これで起動できるようになった。自分は cairo dock を使用しているが、これでドラッグ&ドロップで簡単に登録できる。
次は起動後の不具合

シンボリック変数が使えない
syms a b;

のようにシンボリックリンク変数を宣言しようとしたところ、

Invalid MEX-file
'/usr/local/MATLAB/R2012a_Student/toolbox/symbolic/symbolic/mupadmex.mexglx':
libGL.so.1: cannot open shared object file: No such file or directory

というエラーが現れ実行できなかった。 libGL.so.1 にパスが通っていない?
locate等を使いパスを調べる。
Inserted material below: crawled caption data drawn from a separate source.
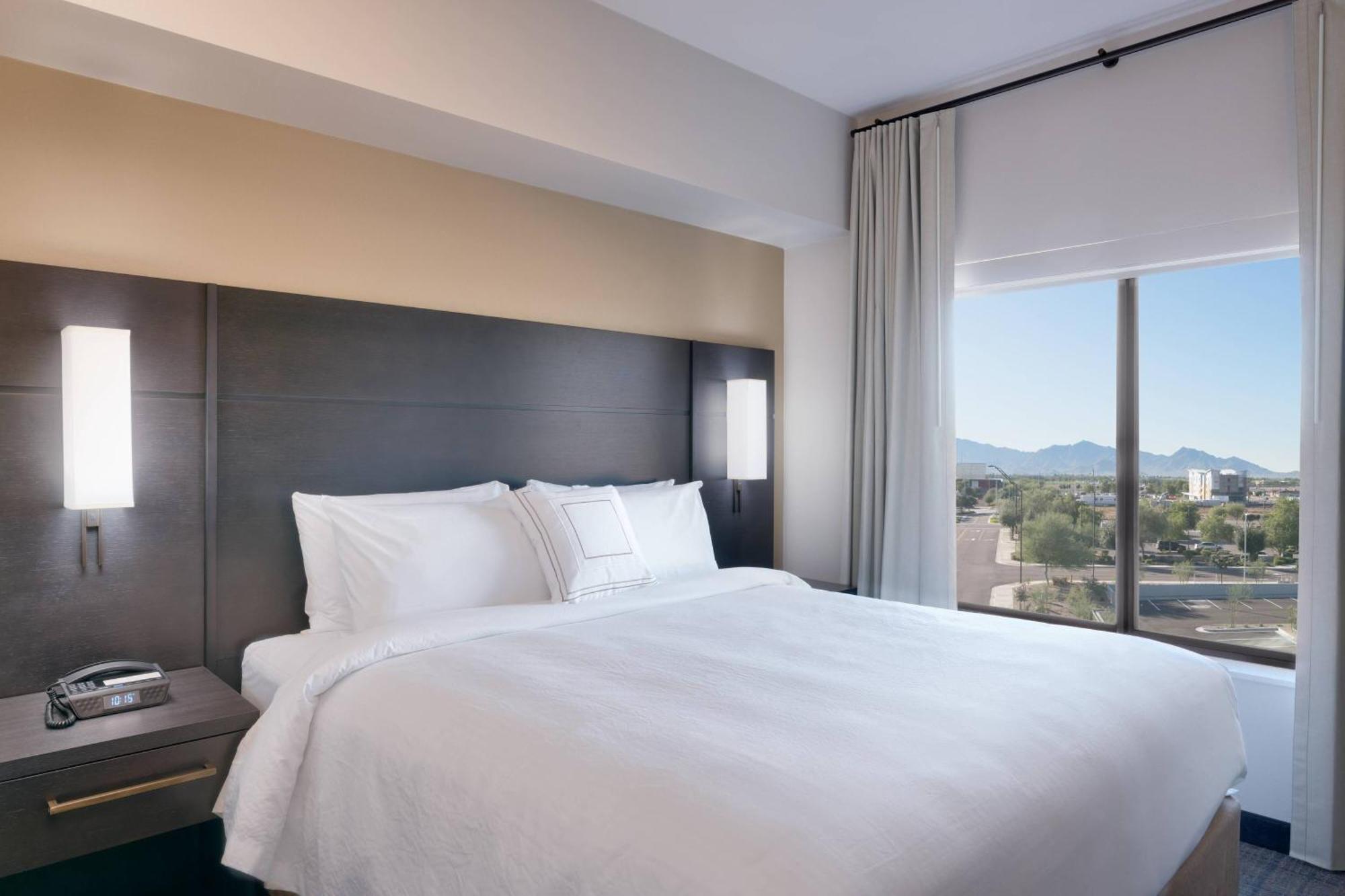 By Marriott Phoenix West/avondale Hotel
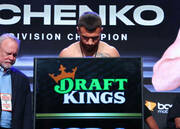 Василий Ломаченко - Девин Хейни, взвешивание фото 1 vasiliy-lomachenko-devin-heyni-vzveshivanie-foto-1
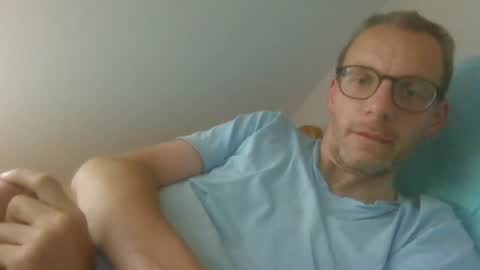 Snapshot of bernie484237 chatting on July 23, 4:05 pm Bernie online show from July 23, 4:05 pm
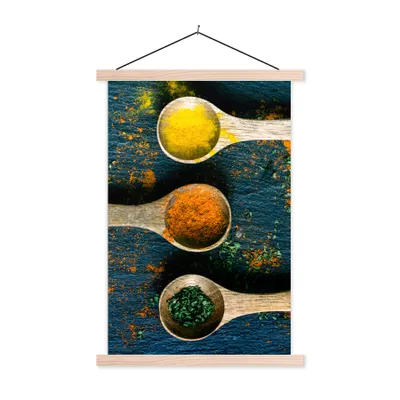 Produktbild von MuchoWow® Textilposter Gewürze - Löffel - Kräuter - Braun - Gelb - Grün 40x60 cm mit holzfarbenen Rahmen - Poster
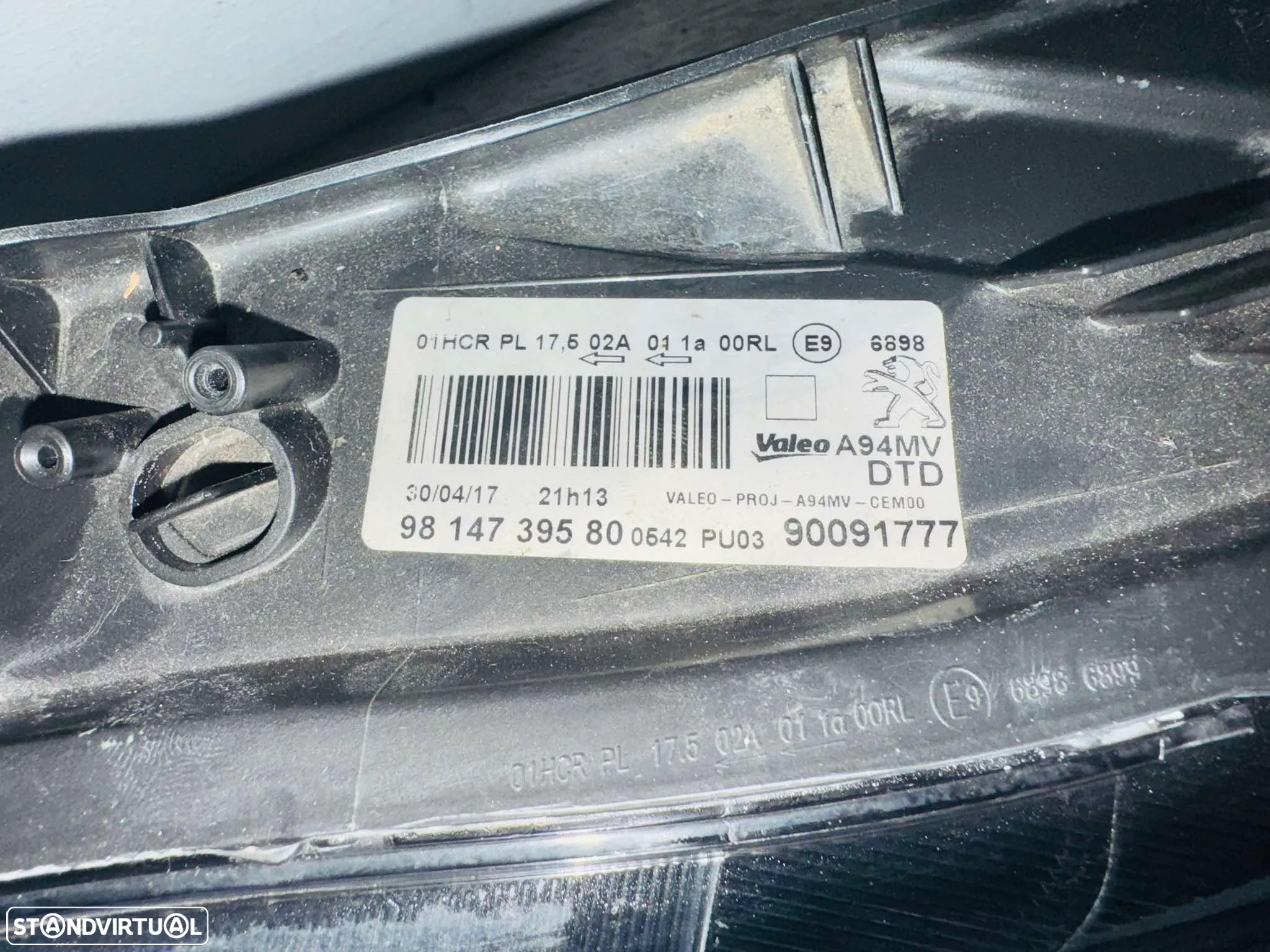Farol Direito Peugeot 2008 (Led) - 2016 / 2019 - 3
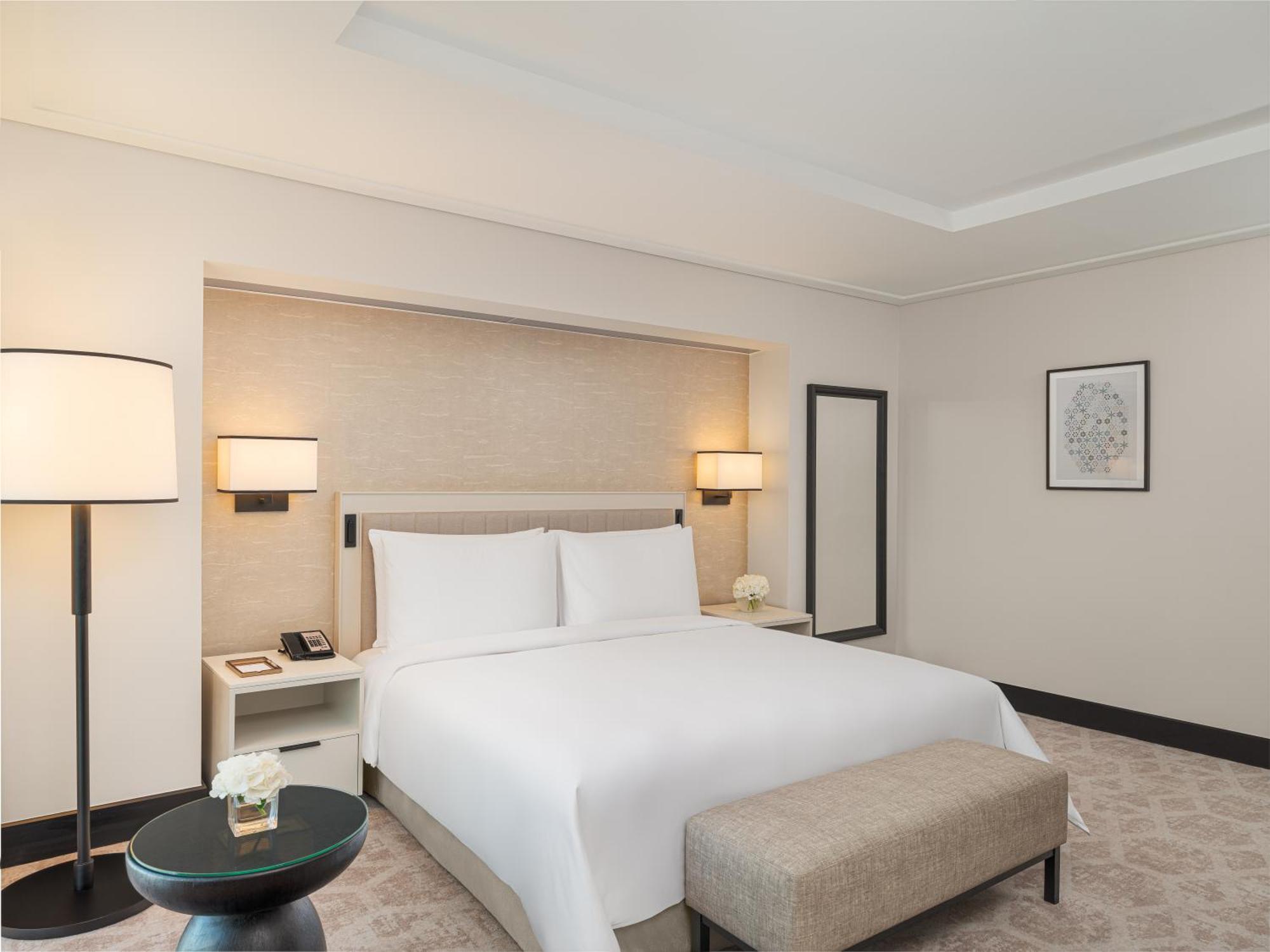 Deluxe Room King City View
次に、調べたパスをLS_PRELOADに与えてMATLABを起動する。
例)

LD_PRELOAD=/usr/lib/i386-linux-gnu/mesa/libGL.so.1 matlab

たぶんだいたいの場合これと同じパスになるはず。
あるいは

sudo gedit /etc/ld.so.conf.d/matlab.conf

matlab.conf を作成し、 ライブラリへのPATHを記述。つまりファイル内に

/usr/lib/i386-linux-gnu/mesa/libGL.so.1

とだけ書いて保存し終了。
保存してテキストエディタ終了。 なお更新しないと反映されないので、

sudo /sbin/ldconfig

で更新する。これでシンボリック変数も使用できるようになった。

日本語の文字化け

MATLAB起動後も日本語が表示されるべき箇所が四角の羅列に文字化け(俗に言う豆腐?)している。
日本語のファイルを使うことが無いので放っておこうとも考えたが、 公式に解決方法が記載されていた。
ここの「Linux システムにアジア言語の文字が正しく表示されない」を参照。ただし、わかりにくいのでこちらも参考に。 とりあえず TakaoGothic を指定してみたが、 日本語に対応したフォントならおそらく何でも良いはず。 フォントフォルダにOSにすでにインストールされているフォントファイルへのシンボリックリンクを作れば良いので:

cd /usr/local/MATLAB/R2012a_Student/sys/java/jre/glnx86/jre/lib/fonts/
sudo mkdir fallback
sudo ln -s /usr/share/fonts/truetype/takao-gothic/Takao* ./fallback/.

/usr/.../R2012a_Student/のところはインストール時の設定やバージョンによって変わるので各自適当なものに置換してください。
これで自分は文字化けを解消できた。もう一方の fontconfig.properties を修正するやり方はよくわからなかったので無視。
インストール時の文字化けもこんな感じで解決できたのかもしれない。